▶ Problem description:
Lines below starting with the line with "Black Mustard Oil" and going on through the line with "Tôi Thích Pheromone Của Cậu Chapter 12 - 8" must be output exactly; the rest of the records must be left out.

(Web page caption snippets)
──────────────────────────────
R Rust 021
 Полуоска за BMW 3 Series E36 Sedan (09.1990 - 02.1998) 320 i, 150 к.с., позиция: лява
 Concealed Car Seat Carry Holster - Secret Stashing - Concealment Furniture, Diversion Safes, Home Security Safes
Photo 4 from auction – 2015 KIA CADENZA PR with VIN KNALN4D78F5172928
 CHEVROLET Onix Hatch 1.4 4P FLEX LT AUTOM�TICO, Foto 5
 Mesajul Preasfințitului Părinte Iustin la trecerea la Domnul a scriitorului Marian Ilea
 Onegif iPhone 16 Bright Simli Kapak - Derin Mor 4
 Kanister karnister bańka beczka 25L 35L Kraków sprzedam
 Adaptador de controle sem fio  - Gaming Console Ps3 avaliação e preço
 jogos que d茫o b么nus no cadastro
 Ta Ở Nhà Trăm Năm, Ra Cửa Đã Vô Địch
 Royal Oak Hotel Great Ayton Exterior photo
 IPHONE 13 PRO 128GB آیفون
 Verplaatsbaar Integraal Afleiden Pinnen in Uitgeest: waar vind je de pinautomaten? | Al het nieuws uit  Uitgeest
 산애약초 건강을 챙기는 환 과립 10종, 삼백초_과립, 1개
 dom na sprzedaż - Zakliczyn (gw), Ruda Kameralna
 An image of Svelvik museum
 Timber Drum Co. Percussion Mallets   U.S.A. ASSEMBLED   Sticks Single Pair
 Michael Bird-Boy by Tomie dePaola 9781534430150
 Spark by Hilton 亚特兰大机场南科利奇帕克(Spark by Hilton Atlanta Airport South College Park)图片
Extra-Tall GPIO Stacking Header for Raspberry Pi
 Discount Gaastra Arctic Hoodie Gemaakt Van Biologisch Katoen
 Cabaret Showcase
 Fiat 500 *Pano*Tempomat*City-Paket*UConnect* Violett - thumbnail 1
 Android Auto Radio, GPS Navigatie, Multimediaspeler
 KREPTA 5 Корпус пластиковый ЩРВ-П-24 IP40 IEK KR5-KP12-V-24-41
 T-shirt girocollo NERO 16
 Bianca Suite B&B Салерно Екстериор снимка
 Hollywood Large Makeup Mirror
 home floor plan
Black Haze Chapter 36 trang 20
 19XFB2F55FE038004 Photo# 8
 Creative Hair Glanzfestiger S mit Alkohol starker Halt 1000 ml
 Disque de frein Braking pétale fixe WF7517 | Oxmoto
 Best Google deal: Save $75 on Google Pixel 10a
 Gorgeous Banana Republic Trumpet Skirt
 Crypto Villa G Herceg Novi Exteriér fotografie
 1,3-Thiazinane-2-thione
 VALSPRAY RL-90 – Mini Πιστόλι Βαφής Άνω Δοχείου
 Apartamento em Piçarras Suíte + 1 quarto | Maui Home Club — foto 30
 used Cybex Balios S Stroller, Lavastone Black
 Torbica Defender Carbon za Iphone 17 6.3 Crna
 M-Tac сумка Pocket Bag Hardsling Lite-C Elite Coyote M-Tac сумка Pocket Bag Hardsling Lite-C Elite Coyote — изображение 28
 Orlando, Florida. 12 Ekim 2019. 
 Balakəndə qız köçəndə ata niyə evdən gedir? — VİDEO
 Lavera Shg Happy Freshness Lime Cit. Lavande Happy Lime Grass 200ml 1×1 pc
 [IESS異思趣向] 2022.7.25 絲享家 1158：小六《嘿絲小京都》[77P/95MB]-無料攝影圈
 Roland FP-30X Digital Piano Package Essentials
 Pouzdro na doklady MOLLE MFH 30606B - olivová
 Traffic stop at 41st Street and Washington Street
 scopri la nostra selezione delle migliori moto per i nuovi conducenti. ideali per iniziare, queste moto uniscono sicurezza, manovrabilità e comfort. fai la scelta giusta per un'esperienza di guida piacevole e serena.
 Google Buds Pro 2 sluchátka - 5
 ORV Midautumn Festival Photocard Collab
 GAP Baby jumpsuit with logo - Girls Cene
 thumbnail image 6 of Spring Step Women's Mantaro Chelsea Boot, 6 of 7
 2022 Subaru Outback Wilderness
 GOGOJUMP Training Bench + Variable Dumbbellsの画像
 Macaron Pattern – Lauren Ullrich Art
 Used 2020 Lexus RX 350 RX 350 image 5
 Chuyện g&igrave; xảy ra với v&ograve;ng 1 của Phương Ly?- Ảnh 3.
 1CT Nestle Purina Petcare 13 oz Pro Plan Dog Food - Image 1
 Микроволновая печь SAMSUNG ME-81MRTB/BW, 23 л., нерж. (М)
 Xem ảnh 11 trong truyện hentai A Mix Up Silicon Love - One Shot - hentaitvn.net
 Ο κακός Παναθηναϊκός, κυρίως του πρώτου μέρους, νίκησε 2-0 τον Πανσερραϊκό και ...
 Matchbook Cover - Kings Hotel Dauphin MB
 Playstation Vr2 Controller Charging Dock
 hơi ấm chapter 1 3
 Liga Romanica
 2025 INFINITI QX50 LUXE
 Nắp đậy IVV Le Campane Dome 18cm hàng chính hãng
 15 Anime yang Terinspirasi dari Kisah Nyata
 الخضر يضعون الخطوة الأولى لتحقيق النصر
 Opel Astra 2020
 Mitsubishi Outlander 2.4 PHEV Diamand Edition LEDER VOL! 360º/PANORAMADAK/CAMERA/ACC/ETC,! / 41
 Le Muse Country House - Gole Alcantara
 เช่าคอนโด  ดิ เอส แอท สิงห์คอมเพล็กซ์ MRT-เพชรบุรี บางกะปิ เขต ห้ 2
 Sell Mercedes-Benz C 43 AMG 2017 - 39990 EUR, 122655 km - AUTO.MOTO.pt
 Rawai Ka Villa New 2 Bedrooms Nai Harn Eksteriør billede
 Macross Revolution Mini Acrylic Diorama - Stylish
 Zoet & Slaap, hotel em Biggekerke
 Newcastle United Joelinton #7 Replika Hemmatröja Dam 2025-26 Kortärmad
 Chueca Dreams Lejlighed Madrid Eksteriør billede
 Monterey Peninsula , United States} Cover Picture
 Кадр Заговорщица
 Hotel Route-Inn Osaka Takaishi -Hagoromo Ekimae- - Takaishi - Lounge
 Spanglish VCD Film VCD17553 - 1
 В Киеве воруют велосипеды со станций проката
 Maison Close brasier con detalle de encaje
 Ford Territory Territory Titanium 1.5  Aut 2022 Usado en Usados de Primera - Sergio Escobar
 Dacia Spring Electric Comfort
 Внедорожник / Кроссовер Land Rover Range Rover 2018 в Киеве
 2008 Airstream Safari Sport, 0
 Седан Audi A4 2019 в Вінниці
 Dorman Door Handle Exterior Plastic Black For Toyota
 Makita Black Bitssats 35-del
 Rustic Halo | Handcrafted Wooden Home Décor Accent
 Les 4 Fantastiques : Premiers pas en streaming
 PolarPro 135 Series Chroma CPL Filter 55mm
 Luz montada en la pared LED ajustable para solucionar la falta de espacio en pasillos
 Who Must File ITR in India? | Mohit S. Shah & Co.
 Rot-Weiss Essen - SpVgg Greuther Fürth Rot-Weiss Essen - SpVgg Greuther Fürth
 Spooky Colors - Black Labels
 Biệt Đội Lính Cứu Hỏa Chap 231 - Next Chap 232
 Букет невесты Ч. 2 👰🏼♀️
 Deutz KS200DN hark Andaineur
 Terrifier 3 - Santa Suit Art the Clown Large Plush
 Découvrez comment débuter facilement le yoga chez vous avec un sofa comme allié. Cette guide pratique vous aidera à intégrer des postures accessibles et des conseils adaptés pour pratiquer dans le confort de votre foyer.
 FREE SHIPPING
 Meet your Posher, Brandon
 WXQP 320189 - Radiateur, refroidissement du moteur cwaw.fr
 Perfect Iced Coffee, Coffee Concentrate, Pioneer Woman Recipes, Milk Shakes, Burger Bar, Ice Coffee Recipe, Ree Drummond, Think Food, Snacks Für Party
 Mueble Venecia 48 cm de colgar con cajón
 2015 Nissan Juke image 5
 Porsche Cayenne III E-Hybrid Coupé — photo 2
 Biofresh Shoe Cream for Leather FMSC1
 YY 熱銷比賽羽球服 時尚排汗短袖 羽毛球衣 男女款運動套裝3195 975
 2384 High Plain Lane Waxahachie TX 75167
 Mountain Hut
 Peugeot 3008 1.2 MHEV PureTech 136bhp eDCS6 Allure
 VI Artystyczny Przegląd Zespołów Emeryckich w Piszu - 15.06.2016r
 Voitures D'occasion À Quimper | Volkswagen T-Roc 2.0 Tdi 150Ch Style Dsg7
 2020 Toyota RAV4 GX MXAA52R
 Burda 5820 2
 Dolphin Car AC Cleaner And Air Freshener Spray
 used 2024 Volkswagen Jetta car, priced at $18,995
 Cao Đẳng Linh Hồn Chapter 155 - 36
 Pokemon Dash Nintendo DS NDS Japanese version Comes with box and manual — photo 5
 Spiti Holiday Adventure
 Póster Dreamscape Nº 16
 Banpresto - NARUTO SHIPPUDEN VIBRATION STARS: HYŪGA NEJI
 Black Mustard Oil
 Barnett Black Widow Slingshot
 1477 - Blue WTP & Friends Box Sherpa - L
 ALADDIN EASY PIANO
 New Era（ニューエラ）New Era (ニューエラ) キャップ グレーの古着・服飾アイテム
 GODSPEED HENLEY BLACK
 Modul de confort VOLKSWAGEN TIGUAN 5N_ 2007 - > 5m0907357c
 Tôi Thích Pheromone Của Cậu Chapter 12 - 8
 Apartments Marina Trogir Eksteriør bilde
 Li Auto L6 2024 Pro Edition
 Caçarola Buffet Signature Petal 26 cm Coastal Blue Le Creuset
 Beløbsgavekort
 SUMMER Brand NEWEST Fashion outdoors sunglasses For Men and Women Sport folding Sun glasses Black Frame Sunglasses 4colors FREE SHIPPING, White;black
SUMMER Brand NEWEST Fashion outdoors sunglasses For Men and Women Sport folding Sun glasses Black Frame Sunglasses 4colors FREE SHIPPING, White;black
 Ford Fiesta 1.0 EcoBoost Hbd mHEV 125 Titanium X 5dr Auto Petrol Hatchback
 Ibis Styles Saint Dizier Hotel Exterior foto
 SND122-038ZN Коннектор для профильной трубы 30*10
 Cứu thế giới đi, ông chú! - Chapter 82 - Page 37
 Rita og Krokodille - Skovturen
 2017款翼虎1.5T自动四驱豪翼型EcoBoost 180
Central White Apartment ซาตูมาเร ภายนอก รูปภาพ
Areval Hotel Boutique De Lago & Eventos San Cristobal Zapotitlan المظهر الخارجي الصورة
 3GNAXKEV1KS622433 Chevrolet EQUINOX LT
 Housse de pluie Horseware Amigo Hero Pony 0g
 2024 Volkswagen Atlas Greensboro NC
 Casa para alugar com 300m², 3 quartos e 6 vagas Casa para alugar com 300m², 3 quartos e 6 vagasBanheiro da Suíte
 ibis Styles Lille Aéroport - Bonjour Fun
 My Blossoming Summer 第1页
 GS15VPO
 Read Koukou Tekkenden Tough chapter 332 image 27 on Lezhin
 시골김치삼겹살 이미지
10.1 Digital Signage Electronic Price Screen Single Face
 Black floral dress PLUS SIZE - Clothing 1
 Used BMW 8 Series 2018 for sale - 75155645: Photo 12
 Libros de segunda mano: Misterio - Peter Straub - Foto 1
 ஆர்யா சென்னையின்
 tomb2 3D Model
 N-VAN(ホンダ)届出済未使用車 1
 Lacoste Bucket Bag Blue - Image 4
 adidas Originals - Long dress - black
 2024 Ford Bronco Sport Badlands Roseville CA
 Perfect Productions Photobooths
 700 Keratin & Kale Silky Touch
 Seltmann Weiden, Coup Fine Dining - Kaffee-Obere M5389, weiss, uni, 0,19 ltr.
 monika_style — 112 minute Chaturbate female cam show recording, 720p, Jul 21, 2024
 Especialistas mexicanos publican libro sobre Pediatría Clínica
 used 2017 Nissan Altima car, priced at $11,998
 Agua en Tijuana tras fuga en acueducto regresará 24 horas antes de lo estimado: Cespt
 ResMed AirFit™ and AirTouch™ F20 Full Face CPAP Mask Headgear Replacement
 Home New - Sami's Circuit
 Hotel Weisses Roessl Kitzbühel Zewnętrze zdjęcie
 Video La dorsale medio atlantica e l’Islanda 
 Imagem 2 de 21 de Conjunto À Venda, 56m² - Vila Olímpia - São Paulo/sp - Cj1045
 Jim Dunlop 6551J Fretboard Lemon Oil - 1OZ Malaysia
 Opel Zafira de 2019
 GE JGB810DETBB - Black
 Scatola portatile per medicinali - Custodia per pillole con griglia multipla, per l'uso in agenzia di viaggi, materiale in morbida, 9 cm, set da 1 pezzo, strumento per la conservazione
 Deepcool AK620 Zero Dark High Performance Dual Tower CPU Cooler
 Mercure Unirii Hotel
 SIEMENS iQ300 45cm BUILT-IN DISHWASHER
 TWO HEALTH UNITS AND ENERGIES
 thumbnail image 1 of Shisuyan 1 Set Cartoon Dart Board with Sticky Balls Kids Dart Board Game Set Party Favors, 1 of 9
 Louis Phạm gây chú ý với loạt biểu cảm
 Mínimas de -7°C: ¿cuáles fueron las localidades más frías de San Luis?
──────────────────────────────
▶ Answer section:
 Black Mustard Oil
 Barnett Black Widow Slingshot
 1477 - Blue WTP & Friends Box Sherpa - L
 ALADDIN EASY PIANO
 New Era（ニューエラ）New Era (ニューエラ) キャップ グレーの古着・服飾アイテム
 GODSPEED HENLEY BLACK
 Modul de confort VOLKSWAGEN TIGUAN 5N_ 2007 - > 5m0907357c
 Tôi Thích Pheromone Của Cậu Chapter 12 - 8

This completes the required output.